The Absoraka-Beartooth Wilderness Area contains 30 peaks above 12,000′ elevation. As an integral part of the 20 million acre Greater Yellowstone Ecosystem, it borders Yellowstone National Park’s eastern side, straddling the Wyoming-Montana line and encompassing two distinct mountain ranges: the Beartooth Mountains, named after the likeness between a jagged mountain peak in the range and a bear’s tooth; and the Absorakas, named after the Crow Indians (Absoraka being the Indian name for crow).

Along the eastern side of the wilderness area, The Beartooths have the largest unbroken area of land within the lower 48 states in excess of 10,000 feet elevation.
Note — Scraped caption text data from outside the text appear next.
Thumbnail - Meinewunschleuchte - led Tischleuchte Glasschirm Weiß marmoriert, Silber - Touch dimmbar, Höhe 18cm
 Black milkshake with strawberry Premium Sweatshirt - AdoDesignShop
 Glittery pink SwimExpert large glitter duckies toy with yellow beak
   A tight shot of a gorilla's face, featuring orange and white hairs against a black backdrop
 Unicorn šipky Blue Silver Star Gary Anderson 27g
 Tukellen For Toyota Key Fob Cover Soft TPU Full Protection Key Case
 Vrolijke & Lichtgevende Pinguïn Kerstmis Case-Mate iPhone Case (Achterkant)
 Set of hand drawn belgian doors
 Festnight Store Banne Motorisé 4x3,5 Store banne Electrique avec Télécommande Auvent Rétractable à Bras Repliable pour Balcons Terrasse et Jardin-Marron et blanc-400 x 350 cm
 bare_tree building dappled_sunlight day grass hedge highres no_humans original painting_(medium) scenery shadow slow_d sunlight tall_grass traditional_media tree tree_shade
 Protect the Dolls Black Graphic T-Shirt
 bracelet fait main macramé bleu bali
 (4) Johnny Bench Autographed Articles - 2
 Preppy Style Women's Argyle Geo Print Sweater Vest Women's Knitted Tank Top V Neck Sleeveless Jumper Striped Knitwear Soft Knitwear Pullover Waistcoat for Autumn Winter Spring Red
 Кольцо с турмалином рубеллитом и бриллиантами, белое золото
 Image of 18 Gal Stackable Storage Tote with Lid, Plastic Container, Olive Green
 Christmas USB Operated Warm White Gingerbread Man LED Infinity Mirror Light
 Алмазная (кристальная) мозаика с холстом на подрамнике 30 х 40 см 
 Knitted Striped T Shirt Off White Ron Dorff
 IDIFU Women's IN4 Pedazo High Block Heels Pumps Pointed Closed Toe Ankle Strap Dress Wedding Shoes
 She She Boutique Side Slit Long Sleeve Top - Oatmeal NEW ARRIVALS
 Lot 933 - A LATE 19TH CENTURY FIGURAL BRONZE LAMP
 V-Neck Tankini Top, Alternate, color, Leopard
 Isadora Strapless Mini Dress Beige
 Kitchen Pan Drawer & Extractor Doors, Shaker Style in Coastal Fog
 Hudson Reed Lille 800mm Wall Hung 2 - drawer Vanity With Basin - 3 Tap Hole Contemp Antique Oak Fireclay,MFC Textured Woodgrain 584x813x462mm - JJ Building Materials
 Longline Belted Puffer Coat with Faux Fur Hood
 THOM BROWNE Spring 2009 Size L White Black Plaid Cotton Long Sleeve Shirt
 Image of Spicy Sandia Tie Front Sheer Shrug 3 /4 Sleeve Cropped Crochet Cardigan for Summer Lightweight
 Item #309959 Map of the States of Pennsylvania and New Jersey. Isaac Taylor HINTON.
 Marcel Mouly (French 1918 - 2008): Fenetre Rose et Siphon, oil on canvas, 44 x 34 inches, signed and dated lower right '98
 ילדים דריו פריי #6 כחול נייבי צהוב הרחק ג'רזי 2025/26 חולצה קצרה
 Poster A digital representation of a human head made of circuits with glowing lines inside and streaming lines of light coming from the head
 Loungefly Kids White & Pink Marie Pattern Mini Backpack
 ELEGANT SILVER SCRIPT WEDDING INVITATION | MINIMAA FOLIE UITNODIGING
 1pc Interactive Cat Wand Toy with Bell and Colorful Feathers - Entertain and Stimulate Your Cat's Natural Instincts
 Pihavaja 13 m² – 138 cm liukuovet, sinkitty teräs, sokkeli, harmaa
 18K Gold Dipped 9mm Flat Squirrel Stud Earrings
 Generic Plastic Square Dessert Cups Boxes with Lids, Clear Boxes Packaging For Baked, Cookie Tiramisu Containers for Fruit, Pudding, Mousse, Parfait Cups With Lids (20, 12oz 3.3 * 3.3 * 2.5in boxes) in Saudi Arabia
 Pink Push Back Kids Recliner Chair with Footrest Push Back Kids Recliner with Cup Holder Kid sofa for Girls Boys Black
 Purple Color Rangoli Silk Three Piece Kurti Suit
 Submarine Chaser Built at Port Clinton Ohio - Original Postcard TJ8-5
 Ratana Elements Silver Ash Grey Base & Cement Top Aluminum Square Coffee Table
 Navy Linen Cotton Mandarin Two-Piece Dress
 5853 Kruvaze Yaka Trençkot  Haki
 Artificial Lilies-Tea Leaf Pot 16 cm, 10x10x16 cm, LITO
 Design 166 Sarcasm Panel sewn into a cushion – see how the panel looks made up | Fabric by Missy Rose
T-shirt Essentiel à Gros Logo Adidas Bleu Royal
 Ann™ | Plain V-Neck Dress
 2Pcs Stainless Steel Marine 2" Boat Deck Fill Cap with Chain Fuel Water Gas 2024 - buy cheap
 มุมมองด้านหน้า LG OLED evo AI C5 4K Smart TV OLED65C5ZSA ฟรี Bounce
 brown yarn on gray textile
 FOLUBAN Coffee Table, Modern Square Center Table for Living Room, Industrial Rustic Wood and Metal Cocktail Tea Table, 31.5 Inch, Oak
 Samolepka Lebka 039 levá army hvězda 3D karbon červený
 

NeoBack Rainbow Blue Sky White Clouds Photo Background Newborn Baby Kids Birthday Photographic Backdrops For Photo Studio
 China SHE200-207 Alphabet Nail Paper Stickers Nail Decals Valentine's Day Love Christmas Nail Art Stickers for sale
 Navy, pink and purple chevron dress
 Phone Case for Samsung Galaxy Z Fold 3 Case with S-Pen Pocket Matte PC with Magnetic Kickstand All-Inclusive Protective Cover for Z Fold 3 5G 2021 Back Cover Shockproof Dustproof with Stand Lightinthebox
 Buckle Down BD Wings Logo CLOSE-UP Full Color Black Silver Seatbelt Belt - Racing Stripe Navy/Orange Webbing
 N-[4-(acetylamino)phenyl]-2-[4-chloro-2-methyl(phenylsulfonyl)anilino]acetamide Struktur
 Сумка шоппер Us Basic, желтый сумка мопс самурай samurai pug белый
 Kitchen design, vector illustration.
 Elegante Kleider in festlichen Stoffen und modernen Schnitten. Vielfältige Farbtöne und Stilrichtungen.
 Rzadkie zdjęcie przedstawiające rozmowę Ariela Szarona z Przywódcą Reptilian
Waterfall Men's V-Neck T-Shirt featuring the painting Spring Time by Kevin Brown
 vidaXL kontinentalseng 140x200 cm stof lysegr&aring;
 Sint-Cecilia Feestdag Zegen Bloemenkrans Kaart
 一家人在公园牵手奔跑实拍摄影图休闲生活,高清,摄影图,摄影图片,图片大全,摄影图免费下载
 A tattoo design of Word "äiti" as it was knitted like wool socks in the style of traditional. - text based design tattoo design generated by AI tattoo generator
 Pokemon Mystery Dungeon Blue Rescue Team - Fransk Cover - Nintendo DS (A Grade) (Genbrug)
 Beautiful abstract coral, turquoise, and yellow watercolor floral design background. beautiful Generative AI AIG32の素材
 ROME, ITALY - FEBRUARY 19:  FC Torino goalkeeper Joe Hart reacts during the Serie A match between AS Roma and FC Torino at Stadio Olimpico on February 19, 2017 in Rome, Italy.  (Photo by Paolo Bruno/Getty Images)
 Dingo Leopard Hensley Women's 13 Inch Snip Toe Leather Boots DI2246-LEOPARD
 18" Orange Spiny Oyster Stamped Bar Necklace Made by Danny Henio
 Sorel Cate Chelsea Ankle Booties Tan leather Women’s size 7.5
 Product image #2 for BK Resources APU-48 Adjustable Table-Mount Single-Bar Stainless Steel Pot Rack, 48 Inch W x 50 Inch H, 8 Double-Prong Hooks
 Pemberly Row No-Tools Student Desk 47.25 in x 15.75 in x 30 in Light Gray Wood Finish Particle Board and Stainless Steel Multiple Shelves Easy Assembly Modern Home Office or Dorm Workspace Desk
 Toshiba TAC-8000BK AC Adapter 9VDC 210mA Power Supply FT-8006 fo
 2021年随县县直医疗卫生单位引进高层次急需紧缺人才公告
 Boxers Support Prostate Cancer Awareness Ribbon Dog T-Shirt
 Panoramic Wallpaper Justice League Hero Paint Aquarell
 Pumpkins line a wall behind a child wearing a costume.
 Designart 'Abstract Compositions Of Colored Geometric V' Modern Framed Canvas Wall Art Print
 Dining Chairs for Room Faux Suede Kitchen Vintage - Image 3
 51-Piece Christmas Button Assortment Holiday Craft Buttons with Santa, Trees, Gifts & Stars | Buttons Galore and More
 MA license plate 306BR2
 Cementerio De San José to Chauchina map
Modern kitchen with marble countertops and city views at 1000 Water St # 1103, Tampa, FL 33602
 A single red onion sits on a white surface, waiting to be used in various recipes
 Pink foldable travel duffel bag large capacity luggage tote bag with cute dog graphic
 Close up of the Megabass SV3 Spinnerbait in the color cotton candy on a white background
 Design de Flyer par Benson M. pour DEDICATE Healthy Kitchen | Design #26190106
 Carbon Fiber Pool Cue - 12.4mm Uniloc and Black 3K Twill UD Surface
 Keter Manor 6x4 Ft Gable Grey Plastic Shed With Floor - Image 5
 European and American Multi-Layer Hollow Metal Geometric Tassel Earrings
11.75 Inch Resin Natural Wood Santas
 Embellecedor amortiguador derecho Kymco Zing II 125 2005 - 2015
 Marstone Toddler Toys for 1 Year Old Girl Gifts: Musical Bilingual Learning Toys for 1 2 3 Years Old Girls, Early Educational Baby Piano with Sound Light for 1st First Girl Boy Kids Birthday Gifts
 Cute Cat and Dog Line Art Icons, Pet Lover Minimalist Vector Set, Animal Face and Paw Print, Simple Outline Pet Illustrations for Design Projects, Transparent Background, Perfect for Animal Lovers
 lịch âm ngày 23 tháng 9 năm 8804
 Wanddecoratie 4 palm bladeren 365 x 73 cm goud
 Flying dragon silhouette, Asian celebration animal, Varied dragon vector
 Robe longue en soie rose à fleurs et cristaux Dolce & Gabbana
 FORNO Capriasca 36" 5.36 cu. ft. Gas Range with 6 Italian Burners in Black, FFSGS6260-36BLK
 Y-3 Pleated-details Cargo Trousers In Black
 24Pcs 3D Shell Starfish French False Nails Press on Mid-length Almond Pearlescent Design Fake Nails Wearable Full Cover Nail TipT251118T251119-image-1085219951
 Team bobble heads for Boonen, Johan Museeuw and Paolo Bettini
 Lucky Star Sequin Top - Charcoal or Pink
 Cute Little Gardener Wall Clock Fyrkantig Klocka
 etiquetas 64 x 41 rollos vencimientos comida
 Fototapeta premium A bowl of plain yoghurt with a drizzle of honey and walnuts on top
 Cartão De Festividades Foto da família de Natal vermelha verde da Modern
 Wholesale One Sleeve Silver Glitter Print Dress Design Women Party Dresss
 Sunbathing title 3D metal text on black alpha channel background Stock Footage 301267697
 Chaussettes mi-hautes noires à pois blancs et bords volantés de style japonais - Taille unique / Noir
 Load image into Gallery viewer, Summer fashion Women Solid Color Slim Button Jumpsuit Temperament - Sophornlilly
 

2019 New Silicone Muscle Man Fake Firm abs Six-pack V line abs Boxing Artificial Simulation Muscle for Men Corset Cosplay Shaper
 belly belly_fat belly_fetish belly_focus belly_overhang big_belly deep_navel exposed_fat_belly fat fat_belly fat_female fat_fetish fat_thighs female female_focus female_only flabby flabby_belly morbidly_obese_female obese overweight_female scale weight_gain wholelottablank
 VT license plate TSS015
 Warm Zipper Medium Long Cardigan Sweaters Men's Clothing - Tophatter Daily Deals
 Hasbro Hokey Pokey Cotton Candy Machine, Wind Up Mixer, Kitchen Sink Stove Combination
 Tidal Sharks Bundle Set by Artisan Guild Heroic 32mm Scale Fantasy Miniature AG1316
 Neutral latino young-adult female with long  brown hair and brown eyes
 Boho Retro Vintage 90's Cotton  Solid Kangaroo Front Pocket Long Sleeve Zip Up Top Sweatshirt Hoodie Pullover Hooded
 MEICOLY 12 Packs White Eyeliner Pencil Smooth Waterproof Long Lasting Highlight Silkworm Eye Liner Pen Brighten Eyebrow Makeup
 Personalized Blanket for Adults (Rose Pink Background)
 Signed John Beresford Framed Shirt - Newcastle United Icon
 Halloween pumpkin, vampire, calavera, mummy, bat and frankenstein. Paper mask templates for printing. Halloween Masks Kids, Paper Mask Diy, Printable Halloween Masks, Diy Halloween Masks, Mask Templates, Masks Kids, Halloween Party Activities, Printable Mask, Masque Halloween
Comprised almost entirely of beautiful but fragile, high, treeless, bald granite plateaus interspersed by glacial lakes, the Beartooths include Montana’s highest mountain, the 12,799′ Granite Peak.

North of the Beartooths lies the Absaroka range’s stratified volcanic rocks, forested valleys and rugged peaks forming a chain of mountains that includes spectacular peaks east of Paradise Valley, beginning in Wyoming, including the Absoraka’s highest mountain, Francs Peak (13,153′), and continuing north into Montana.

Heading west from Red Lodge, Montana, (5,500′), US Route 212 goes up, down, and up again, for 70 incredibly tortuous miles along the Montana-Wyoming Border through the Beartooths; winding south into Wyoming just before the 10,947′ Beartooth Pass, (the highest road in the northern Rockies) and then back north into Montana over the 8,100′ Colter Pass, through Cooke City (6,400′), and finally climbing to Yellowstone’s NE entrance at 7,500’ elevation, once again in Wyoming.

The views along the Beartooth Pass are spectacular and unnerving. Whether the high tundra mountain tops, or deep down in the incredibly steep valleys, the views are difficult to fathom.